MANCHESTER UNITED - OD KOŁYSKI AŻ PO GRÓB

Rooney czeka na mecz z Sunderlandem


Wayne Rooney mimo, że był zasmucony wiadomością na temat odejścia Wesa Browna oraz Johna O'Shea do Sunderlandu, cieszy się zmianami w drużynie. Anglik uważa, że nowy sezon zapowiada się bardzo emocjonująco.

- To oczywiście smutne, stracić tych wszystkich wspaniałych zawodników z naszej szatni. Jednak z drugiej strony nowi piłkarze w drużynie zawsze wzbudzają emocje. Wszyscy chcą zobaczyć jak sobie poradzą na treningach i podczas meczów, tak więc sporo się tutaj dzieje - komentował Wayne Rooney.

- Gdy z drużyny odchodzą twoi koledzy to jest to smutne, szczególnie gdy byli dobrymi przyjaciółmi. Rozumiem jednak decyzję tej dwójki, gdyż nie grali zbyt dużo przez ostatni rok, a Wes w kilku ostatnich sezonach.

- To ambitni piłkarze, którzy chcą grać co tydzień, więc akceptuję ich decyzję. Smuci mnie to jednak jako zawodnika i przyjaciela.
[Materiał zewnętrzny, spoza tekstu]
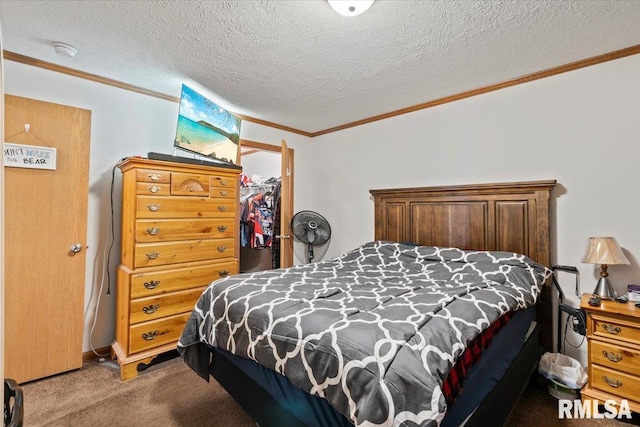 524 6th St, Andover, IL 61233 - bedroom with crown molding, carpet floors, a spacious closet, a closet, and a textured ceiling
Byli z nami od lat, przez całą moją karierę. Byli wspaniali wobec wszystkich dookoła.

- Wszyscy ich lubią, więc będzie to dla nas duża strata, ale z pewnością nie mogą doczekać się już nowych wyzwań z Sunderlandzie.

Manchester United zmierzy się z ekipą Czarnych Kotów już 5 listopada. Rooney zapytany o ten mecz odpowiedział, że już czeka na to starcie: - Będąc szczerym, teraz czekam na to spotkanie jeszcze bardziej. Zawsze miło gra się przeciwko swoim byłym kolegom z drużyny. Liczę na to, że będą za mną dużo biegać!